Source: Endocrine Reviews; Jun 2017; vol. 38 (no. 3)
Publication Date: Jun 2017
Publication Type(s): Conference Abstract
Abstract:Title A study of patients diagnosed with craniopharyngioma at a tertiary centre in the Merseyside Region, UK. Aims To characterise the patient population diagnosed with craniopharyngioma pre and post-treatment in a tertiary centre. Methods All patients with a diagnosis of craniopharyngioma treated at a tertiary centre in the Merseyside region over a 20 year period were included in the study. Patient demographics, presenting features and endocrine deficiencies were analysed, alongside treatment options and complications. Results Of the 23 patients diagnosed with Craniopharyngioma, 52% (12/23) were male. Mean age of diagnosis was 32 years (range 7 to 77 years). The first presenting symptom was headache in 57% (13/23) of patients, and visual loss in 57% (13/23) of patients. 13% (3/23) presented with neither of these symptoms. Of the known cases of pituitary hormone deficiency pre-treatment (n=8), 1 patient had panhypopituitarism, 1 had total anterior hypopituitarism and 1 had diabetes insipidus. There were 2 cases of partial hypopituitarism (>1 hormone deficiency) and 3 cases of single anterior hypopituitarism. Magnetic Resonant Imaging (MRI) showed that 57% (13/23) of patients had characteristic cystic changes and 52% (12/23) had suprasellar involvement.

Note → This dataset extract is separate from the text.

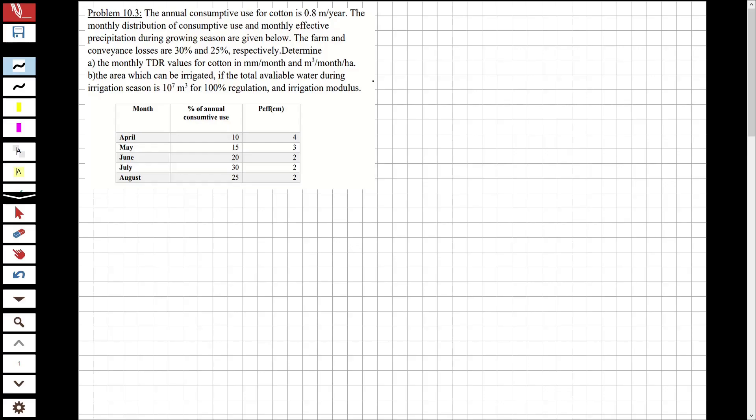Hi guys, welcome to my channel. In this video we are going to solve questions about water resources engineering, specifically the irrigation chapter.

All patients underwent surgical intervention, which included total resection (n=2), subtotal resection (n=13) and stereotactic surgery with or without Ommaya shunting (n=9). The overall recurrence rate was 56.5% – 50% in total resection, 54% in subtotal resection and 75% in stereotactic surgery. All patients had hypopituitarism postoperatively. 43.4% had panhypopituitarism, 39.1% had total anterior hypopituitarism and 17.4% had partial hypopituitarism. Conclusion Craniopharyngiomas are rare, even in a tertiary setting. In this cohort of patients there does not appear to be an age or gender preponderance. The majority of patients presented with either headache or visual loss. Postsurgical hypopituitarism seems inevitable, and should be anticipated and investigated. Recurrence is a common complication, occurring in over half of all patients, regardless of treatment modality. Continued follow up of these patients is therefore essential.